Work request →
Work out how many lines in the entries contain the string "within", and give nothing but that number.

(Dataset entries)
—————
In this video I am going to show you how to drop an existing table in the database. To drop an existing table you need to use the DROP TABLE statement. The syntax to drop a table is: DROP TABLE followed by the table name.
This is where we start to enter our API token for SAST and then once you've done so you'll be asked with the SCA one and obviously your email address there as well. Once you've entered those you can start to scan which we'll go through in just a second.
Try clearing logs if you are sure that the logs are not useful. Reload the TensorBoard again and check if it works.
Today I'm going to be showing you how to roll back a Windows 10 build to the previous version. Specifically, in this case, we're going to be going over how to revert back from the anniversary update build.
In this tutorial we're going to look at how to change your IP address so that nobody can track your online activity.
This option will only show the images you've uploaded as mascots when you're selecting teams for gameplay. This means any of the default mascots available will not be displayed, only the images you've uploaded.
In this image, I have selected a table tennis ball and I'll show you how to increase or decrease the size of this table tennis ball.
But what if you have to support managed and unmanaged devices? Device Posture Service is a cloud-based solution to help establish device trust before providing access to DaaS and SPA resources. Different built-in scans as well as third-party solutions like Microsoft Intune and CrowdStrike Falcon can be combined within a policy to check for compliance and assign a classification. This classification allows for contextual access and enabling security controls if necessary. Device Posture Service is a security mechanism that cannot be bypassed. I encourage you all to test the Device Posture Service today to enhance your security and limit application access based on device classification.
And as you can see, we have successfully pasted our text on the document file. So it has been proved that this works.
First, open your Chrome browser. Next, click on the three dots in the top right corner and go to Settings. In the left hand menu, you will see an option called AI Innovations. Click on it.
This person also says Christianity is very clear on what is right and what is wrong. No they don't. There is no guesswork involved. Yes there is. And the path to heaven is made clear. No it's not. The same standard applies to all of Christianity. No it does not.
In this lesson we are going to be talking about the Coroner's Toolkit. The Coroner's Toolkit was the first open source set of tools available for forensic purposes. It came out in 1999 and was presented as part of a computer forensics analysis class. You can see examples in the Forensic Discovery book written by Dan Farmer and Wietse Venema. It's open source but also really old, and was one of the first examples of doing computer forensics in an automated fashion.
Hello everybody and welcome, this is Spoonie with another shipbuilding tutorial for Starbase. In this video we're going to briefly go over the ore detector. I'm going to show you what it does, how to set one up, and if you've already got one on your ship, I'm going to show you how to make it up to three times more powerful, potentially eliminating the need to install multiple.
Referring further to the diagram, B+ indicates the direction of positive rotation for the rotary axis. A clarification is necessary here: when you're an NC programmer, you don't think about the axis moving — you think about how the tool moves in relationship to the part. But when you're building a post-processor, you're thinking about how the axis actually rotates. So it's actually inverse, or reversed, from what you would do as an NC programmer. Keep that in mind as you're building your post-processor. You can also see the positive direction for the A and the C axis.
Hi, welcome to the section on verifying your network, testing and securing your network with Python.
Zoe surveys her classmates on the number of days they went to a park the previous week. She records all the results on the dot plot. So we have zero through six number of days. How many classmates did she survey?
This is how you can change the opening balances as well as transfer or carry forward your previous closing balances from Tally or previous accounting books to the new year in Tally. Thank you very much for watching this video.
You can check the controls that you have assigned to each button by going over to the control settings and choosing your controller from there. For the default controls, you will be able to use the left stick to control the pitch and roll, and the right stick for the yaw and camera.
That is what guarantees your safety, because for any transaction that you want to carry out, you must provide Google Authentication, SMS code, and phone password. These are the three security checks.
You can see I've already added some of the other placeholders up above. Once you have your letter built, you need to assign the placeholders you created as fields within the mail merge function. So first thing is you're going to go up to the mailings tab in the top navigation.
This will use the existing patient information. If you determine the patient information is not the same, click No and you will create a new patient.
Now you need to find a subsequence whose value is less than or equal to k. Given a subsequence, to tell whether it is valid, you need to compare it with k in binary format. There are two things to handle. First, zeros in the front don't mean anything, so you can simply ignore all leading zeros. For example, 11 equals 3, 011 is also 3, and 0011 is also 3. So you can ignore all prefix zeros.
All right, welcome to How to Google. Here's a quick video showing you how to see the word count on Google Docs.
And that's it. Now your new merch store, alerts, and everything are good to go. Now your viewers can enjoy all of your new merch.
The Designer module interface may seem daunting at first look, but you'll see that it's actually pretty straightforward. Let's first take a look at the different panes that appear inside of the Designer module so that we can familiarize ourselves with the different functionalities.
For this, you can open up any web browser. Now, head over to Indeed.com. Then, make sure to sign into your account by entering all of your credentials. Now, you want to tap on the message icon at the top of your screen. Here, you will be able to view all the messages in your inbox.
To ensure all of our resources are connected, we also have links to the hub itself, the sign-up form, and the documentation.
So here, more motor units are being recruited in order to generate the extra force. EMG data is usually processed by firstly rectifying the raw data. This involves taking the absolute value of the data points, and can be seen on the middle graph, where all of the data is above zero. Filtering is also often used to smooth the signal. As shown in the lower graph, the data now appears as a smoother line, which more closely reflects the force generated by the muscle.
—————
Answer to the problem →
2